#### DATA EXTRACTS ####
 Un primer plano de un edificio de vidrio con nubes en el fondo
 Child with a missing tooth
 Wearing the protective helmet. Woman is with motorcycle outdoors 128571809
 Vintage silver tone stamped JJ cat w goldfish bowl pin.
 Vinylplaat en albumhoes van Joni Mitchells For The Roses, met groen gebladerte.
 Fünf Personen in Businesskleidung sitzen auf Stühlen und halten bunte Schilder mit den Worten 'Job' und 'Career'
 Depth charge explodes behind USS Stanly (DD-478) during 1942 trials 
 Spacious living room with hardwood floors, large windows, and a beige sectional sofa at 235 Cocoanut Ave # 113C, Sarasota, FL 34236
####
WHAT TO WORK ON → Everything from the line that contains "Vinylplaat en albumhoes" to the last line of the records, restated word for word, is the required output.

ANSWER TO THE EXERCISE →
 Vinylplaat en albumhoes van Joni Mitchells For The Roses, met groen gebladerte.
 Fünf Personen in Businesskleidung sitzen auf Stühlen und halten bunte Schilder mit den Worten 'Job' und 'Career'
 Depth charge explodes behind USS Stanly (DD-478) during 1942 trials 
 Spacious living room with hardwood floors, large windows, and a beige sectional sofa at 235 Cocoanut Ave # 113C, Sarasota, FL 34236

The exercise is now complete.